Tunisian security forces on Tuesday fired tear gas at protesters in the western city of Kasserine following the funeral of a journalist who had set himself on fire over harsh living conditions.
Abdel Razaq Zorgi, a 32-year-old journalist, died late Monday.
His death sparked protests in the city after dark and clashes overnight with police who fired tear gas at dozens of people who had set tyres ablaze and blocked the main street.
Six members of the security forces were injured and nine protesters were detained, interior ministry spokesperson Sofiane al-Zaq said Tuesday.
After a brief morning calm, protesters were back on the streets of Kasserine in the afternoon after Zorgi’s funeral.
They clashed with police outside the governor’s office, an AFP correspondent said.

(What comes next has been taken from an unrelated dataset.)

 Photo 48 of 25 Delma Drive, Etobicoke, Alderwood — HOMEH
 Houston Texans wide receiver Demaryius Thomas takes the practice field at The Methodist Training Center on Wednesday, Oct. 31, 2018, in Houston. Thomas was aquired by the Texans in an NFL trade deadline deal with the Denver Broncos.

Police again fired tear gas at the protesters to disperse them.
Authorities also deployed reinforcements on the main streets of Kasserine, 270 kilometres (165 miles) from the capital Tunis.
“For the sons of Kasserine who have no means of subsistence, today I start a revolution. I am going to set myself on fire,” Zorgi said in a video published before his death.
Both the interior ministry and the National Union of Tunisian Journalists confirmed his death.
The union said he died protesting “difficult social conditions… and a lack of hope”, and that it was considering organising a general strike in the media sector.
It was the self-immolation of a street vendor in Tunisia in late 2010 in protest at police harassment that sparked Tunisia’s revolution and the Arab Spring uprisings across the rest of the region the next year.
Kasserine was one of the first cities to rise up after the vendor’s death, in protests that saw police kill demonstrators.
The unrest quickly spread across the country and led to the overthrow of long-time dictator Zine El Abidine Ben Ali.
Despite the country’s democratic transition after Ben Ali’s ouster and a recent return to economic growth, authorities are still struggling to improve poor living conditions.
Inflation fuelled by the devaluation of the Tunisian dinar and persistent unemployment sparked protests across the country last January.